» Aim of the exercise
Pictures excluded, copy all of the data below exactly.

» Source material
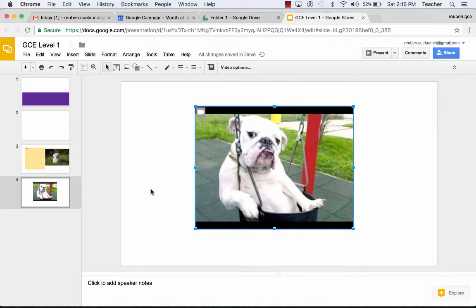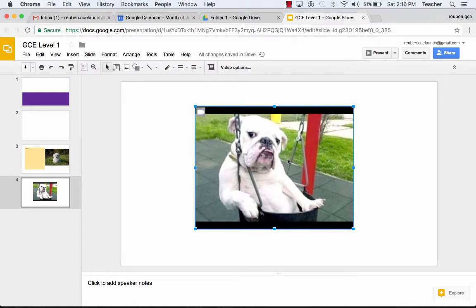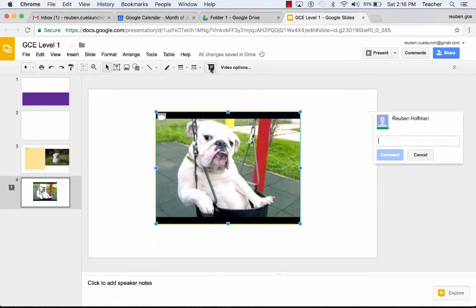Google Slides: add a comment and tag someone. I really want someone to watch this video, so what I'm going to do is I'm going to click on the video and I'm going to add a comment.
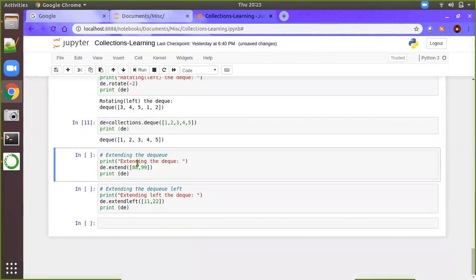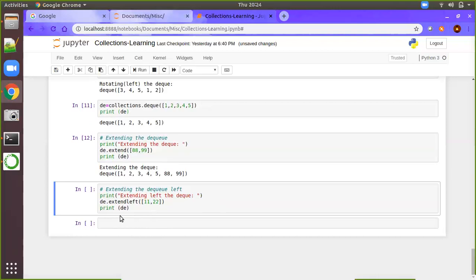Now extending the queue — append and extend are a little bit different. With extend, you add another list, but that list will be deconstructed and all the elements from that iterable will be added to your current deque object. If you use append, the entire list becomes one element of the deque. So with extend on our deque of 1,2,3,4,5, only the elements 88 and 99 will be individually added. The same way, extendleft adds at the left-hand side — so elements 11 and 22 will be deconstructed and added on the left side of the deque.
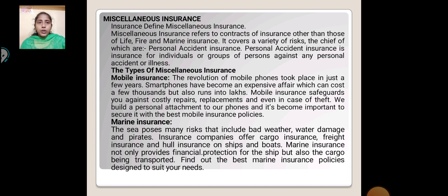Miscellaneous Insurance. Miscellaneous insurance refers to the contract of insurance other than those of life, fire and marine insurance. It covers a variety of risks, the chief of which are personal accident insurance.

» Output of the exercise
Google Slides: add a comment and tag someone. I really want someone to watch this video, so what I'm going to do is I'm going to click on the video and I'm going to add a comment.
Now extending the queue — append and extend are a little bit different. With extend, you add another list, but that list will be deconstructed and all the elements from that iterable will be added to your current deque object. If you use append, the entire list becomes one element of the deque. So with extend on our deque of 1,2,3,4,5, only the elements 88 and 99 will be individually added. The same way, extendleft adds at the left-hand side — so elements 11 and 22 will be deconstructed and added on the left side of the deque.
Miscellaneous Insurance. Miscellaneous insurance refers to the contract of insurance other than those of life, fire and marine insurance. It covers a variety of risks, the chief of which are personal accident insurance.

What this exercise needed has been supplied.